Diese Bemerkungen sind keine philologische Beckmesserei. Sie sollen darauf hinweisen, dass auch für religionshistorische Publikationen eine angemessene Kompetenz zur Bearbeitung der allgemein kulturellen und der sprachlichen Aspekte des behandelten Themas vorausgesetzt werden muss. Eine grundsätzliche breite Vertrautheit mit dem Umfeld des Themas und seiner Erforschung hätte wahrscheinlich auch einiges Peinliche verhindert, wofür zwei Beispiele genannt seien: die hilflos erscheinende Aufzählung von den vielen "Bezeichnungen und Namen" der "Person des Buddha ... in der Literatur" (23 f.) - sie sind nicht einfach austauschbar, sondern jede hat ihre besondere Funktion; die in Text (98) und Glossar (555) gegebene Fehlinformation, das Uposatha-Zeremoniell finde "zweimal im Jahr" statt - es richtet sich, wie sein vedischer Vorläufer upavasatha, nach dem Mondkalender und wird immer an Neumond und Vollmond, also zweimal im Monat begangen.

Summa: Die Publikation bietet ein eindrucksvolles Panorama der verschiedensten Aspekte und Probleme, die mit dem Thema "Buddha und die Frauen" verbunden sind.

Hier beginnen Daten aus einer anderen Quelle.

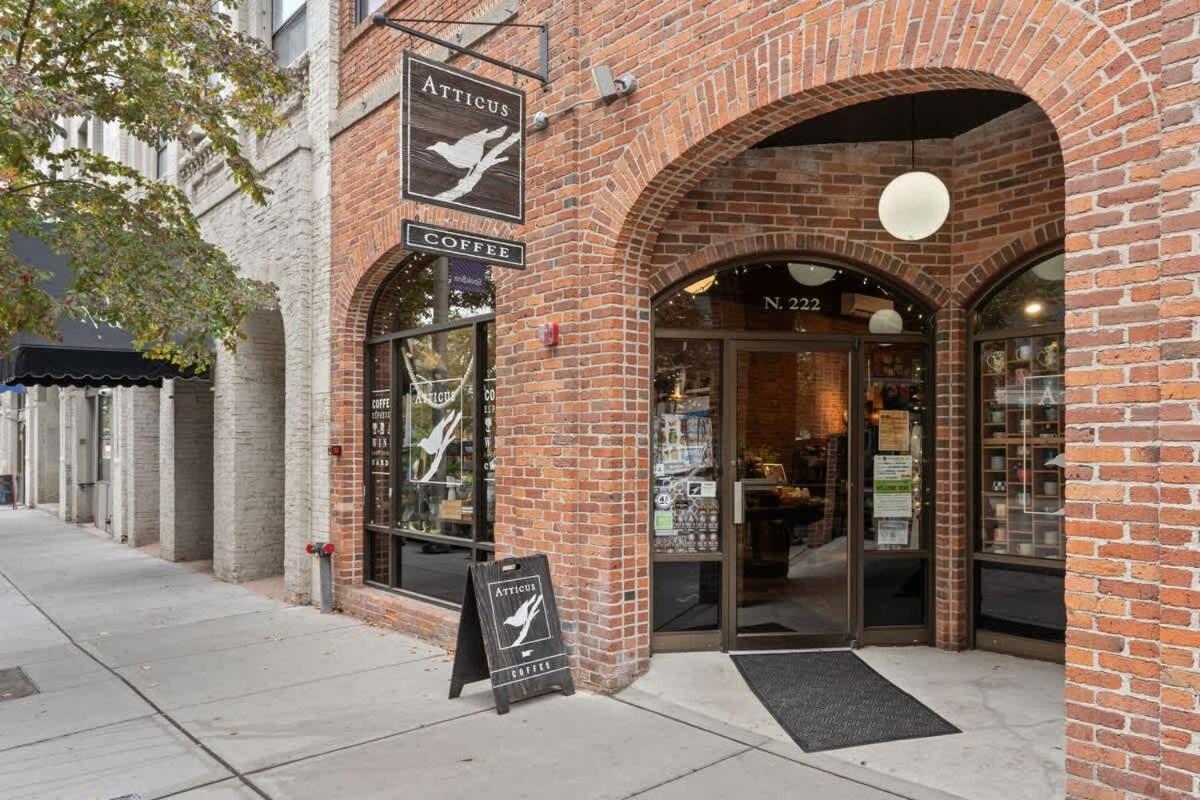 Apartment Stunning 3-bed Retreat In The Heart Of Downtown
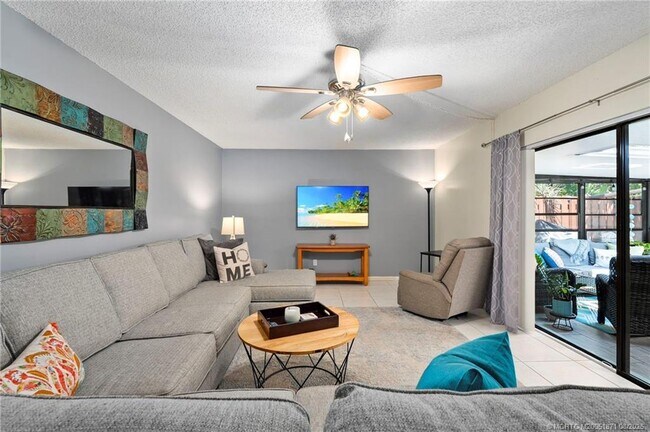 Building Photo - 5616 SE Riverboat Dr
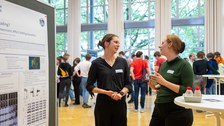 Zwei Studentinnen unterhalten sich.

Wer sich generell kundig machen will, sollte sich nicht scheuen, die durchaus etwas mühevolle Lektüre der 555 Seiten auf sich zu nehmen. Wer sich wissenschaftlich mit dem Thema zu beschäftigen plant, wird hier viele Anregungen finden, müsste sich aber, wenn er diesen weiter nachgehen wollte, den Paliquellen direkt zuwenden.